Kazuki était toujours là. Il pouvait entendre sa respiration, encore et toujours silencieuse. Jubei attendit un instant, se rappelant les évènements de son rêve et finalement, il laissa un sourire se former sur sa bouche.

"Kazuki. Es-tu toujours éveillé ?" Il fit en sorte de parler à voix basse, au cas où ce ne serait pas le cas, par peur de le réveiller. S'il avait rêvé, il devait sûrement s'être endormi pendant quatre heures au moins. C'était le temps en moyenne pour n'importe qui de s'endormir.

"Oui. Je n'arrive pas à me reposer." La réponse était somnolente, mais parfaitement audible. "J'ai trop de choses auxquelles penser."

Jubei s'assit lentement.
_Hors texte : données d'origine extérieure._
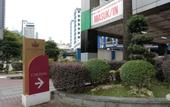 Туры в отель The Grand Campbell Hotel Kuala Lumpur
Il chercha de nouveau Kazuki, sous les couvertures de son futon et cette fois trouva son bras du premier coup.

"Jubei ?" Kazuki n'avait pas l'air trop confus, juste un peu perplexe. Jubei ne lui répondit pas, mais à la place glissa hors de son propre futon et s'agenouilla sur le futon de Kazuki. Il posa une main sur le bras de son meilleur ami, descendant jusqu'à la taille, l'encerclant et le prit dans ses bras. Kazuki retourna l'étreinte, laissant ses bras serpentaient prudemment dans le dos de Jubei.

"Je veux que tu saches, Kazuki... combien tu es beau en cet instant."

Jubei n'avait plus besoin de voir. Kazuki était toujours beau.

xXOwariXx


(1) : Hum... pardon pour l'expression, je ne sais pas si ça se dit vraiment mais moi je le dis. Ca veut juste dire qu'il a mis son bras autour de celui de Jubei... enfin bon je viens de réaliser d'ailleurs que j'utilisais la même expression pour dire quelque chose de complètement différent.